Room Temperature Liquid Porphyrins: Potential Optical Limiters
The study focuses on a homologous series of meso-substituted A4-porphyrins bearing aryl groups with long alkoxy chains. The alkyl chain length ranges from 8 to 18 carbon atoms. The synthesis of these compounds involves a high-yielding two-step process using commercially available starting materials. All porphyrins synthesized are found to be highly soluble in organic solvents. Differential scanning calorimetry (DSC) is used to investigate the thermal properties of the series of porphyrins.

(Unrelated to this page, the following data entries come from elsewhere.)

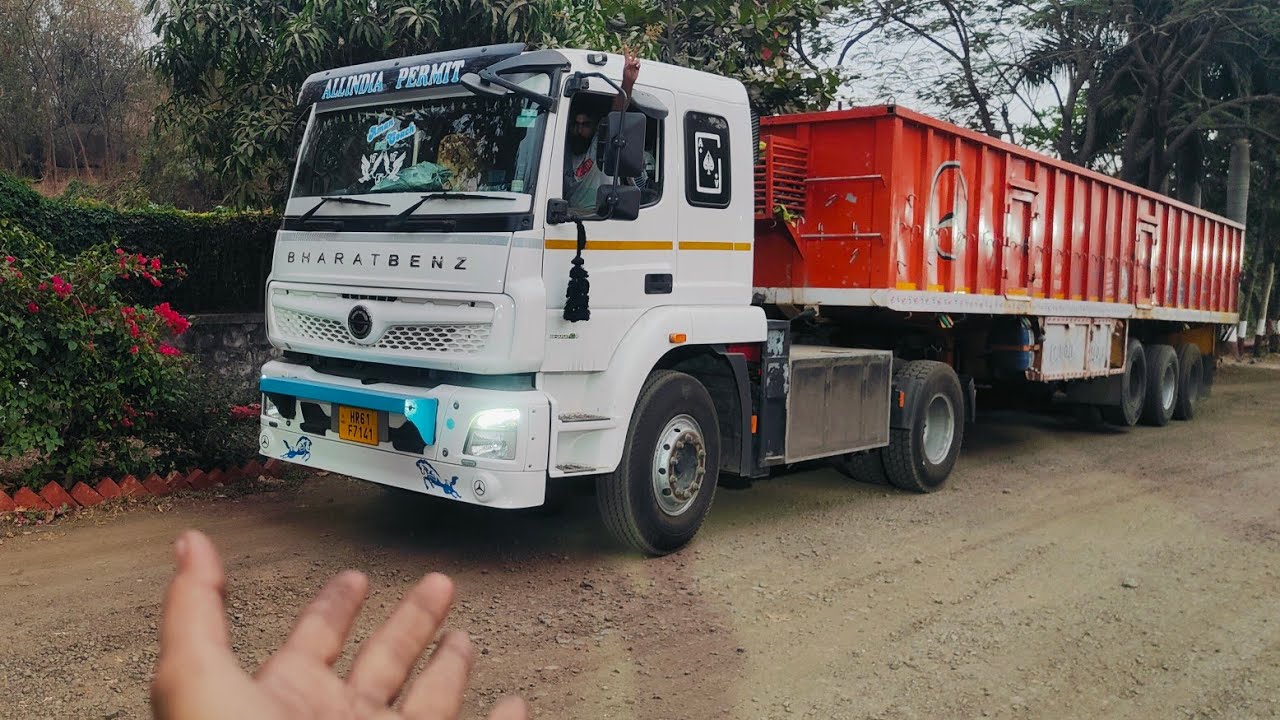 Yha to khana bhi nhi milta 🥲 || indain truck 🚛 #trucks #automobile #truckesvlogs #truckdriving 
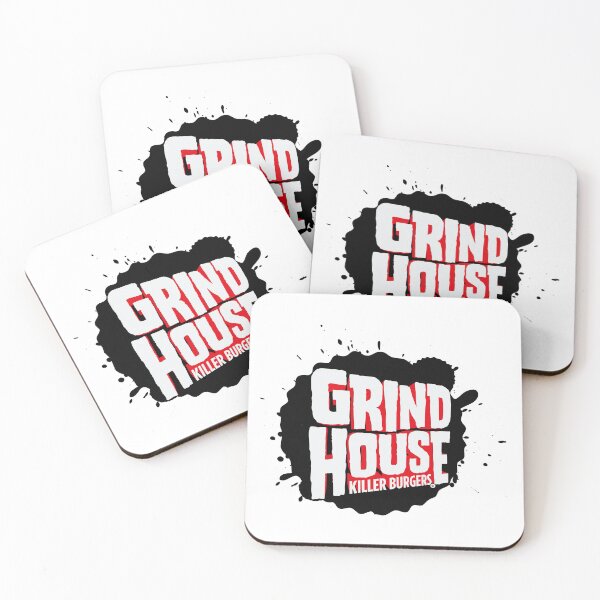 Item preview, Grind House Killer Burgers bold logo designed and sold by kimgrq.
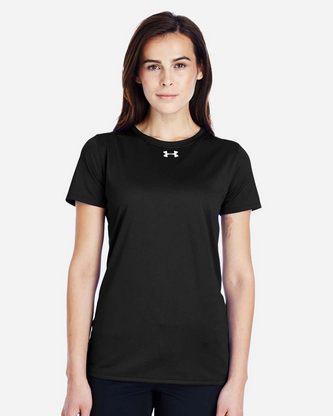 Company Branded Under Armour Women's Locker 2.0 T-Shirt 1305510 With Logo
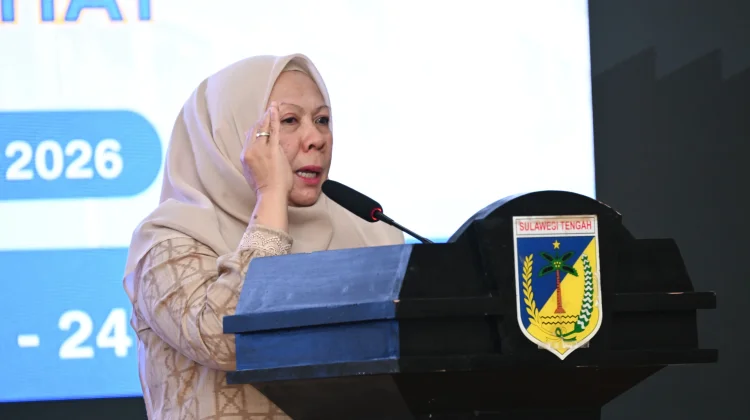 Wagub Sulteng Tegaskan Kualitas Layanan Kunci Tingkatkan Kepercayaan Warga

"The behavior of the compounds in the DSC thermograms is very sensitive to the alkoxy chain lengths present in the molecule" writes Gryko. A gradual decrease in the temperature for the crystalline-to-isotropic-liquid phase transition is observed as the length of the alkoxy side chains increase. A minimum is observed for the decycloxy compound, with subsequent elongation of the alkyl chain causing an increase in the melting point. 5,10,15,20-Tetrakis[3,4,5-tri(undecyloxy)phenyl]porphyrin and its decyloxy analogue are both observed to be liquids at room temperature and are shown to have melting points of -24°C and -55°C, respectively.
Such compounds are unprecedented, and these results provide significant insight into the possibilities for the design and synthesis of room temperature liquid porphyrins in a very simple and efficient way. It is known that liquid porphyrins maintain the same spectroscopic features as their solid analogues, therefore, this discovery not only opens the way to design porphyrins possessing such substituents in optical limiting devices but also allows its broader use in other applications where liquidity or very high solubility are desirable.
Original publication: Daniel T. Gryko et al.; "Meso-Substituted Liquid Porphyrins"; Chemistry—An Asian Journal 2010, 5, No. 4.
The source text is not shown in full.